=== Data shown ===
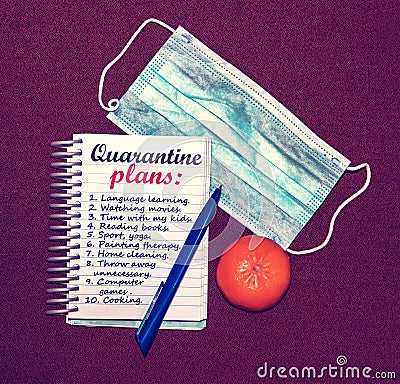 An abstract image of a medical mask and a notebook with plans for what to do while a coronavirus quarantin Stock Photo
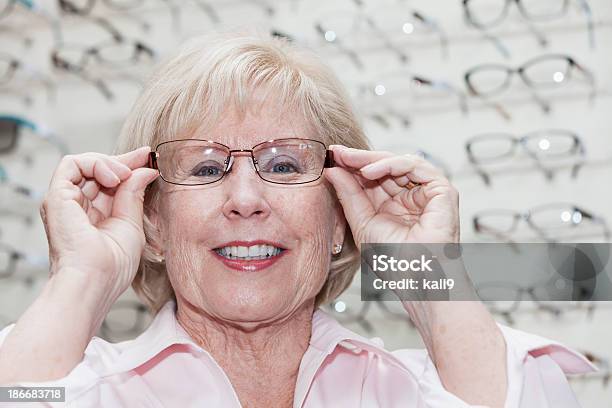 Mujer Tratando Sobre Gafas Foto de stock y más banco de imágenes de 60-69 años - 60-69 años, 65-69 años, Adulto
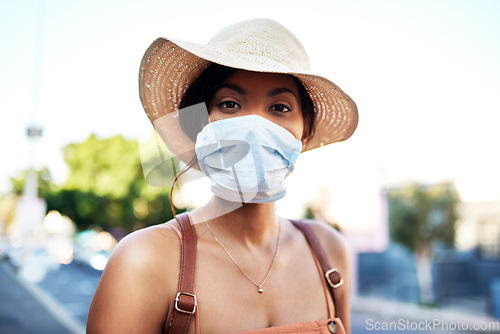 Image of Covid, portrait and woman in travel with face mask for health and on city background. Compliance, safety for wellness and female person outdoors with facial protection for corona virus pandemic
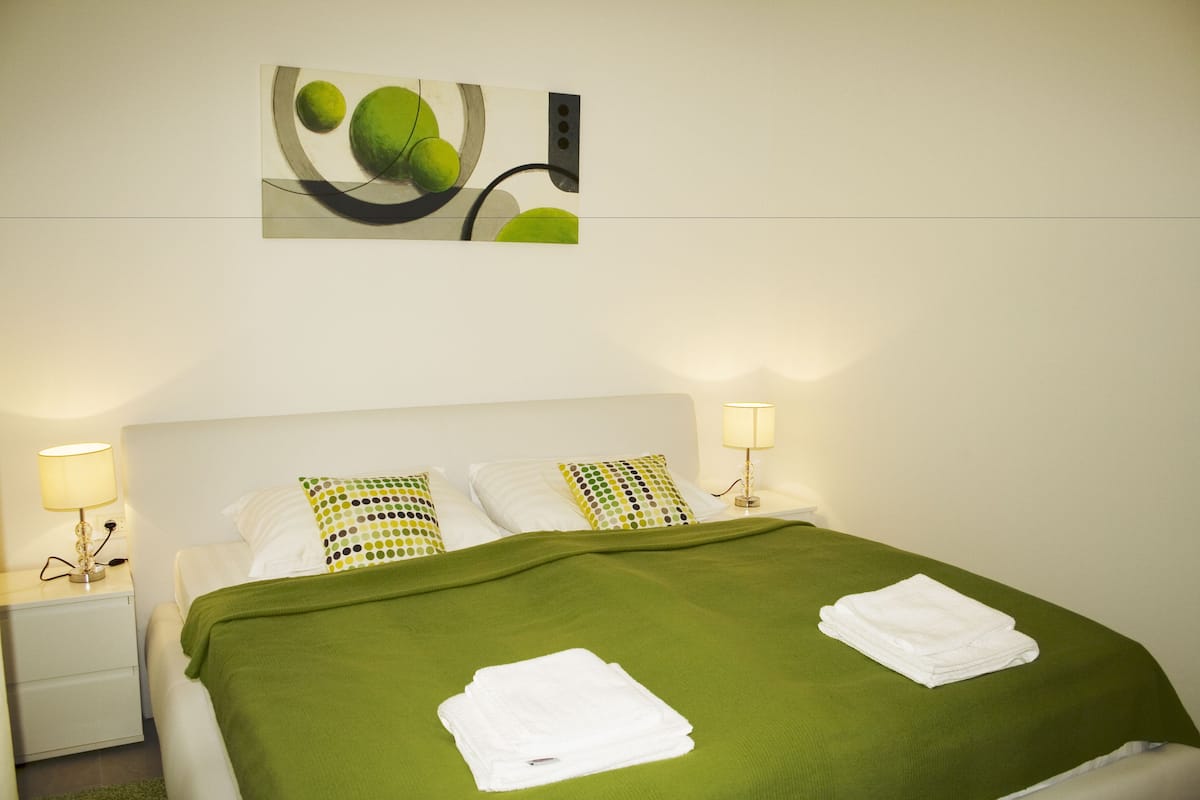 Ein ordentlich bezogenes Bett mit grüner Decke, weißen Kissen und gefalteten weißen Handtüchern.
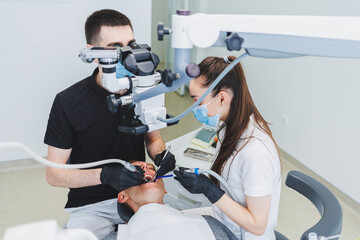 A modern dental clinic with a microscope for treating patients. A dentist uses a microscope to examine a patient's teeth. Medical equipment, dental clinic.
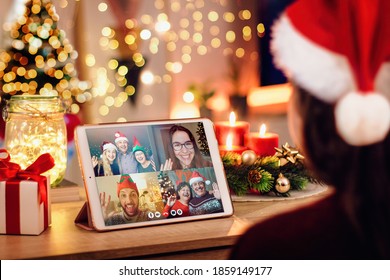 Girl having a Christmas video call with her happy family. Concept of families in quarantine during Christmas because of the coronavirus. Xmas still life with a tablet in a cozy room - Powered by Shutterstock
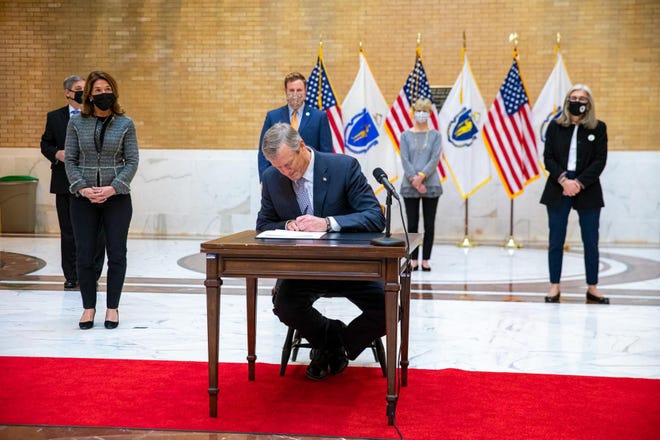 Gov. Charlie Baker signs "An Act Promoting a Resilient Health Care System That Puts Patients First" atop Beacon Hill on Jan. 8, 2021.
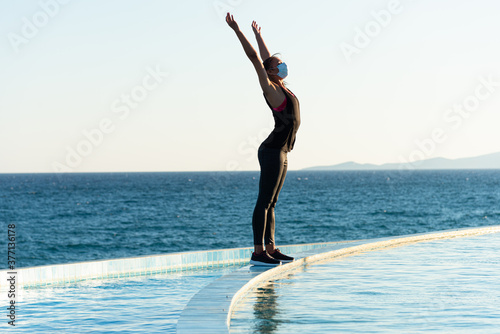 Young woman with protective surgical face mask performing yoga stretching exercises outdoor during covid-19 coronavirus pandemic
===
Exercise aim
Beginning at the line that contains "A modern dental" and ending at the last line of the data, return each line exactly; no picture belongs in the copy.

Result of the task
 A modern dental clinic with a microscope for treating patients. A dentist uses a microscope to examine a patient's teeth. Medical equipment, dental clinic.
 Girl having a Christmas video call with her happy family. Concept of families in quarantine during Christmas because of the coronavirus. Xmas still life with a tablet in a cozy room - Powered by Shutterstock
 Gov. Charlie Baker signs "An Act Promoting a Resilient Health Care System That Puts Patients First" atop Beacon Hill on Jan. 8, 2021.
 Young woman with protective surgical face mask performing yoga stretching exercises outdoor during covid-19 coronavirus pandemic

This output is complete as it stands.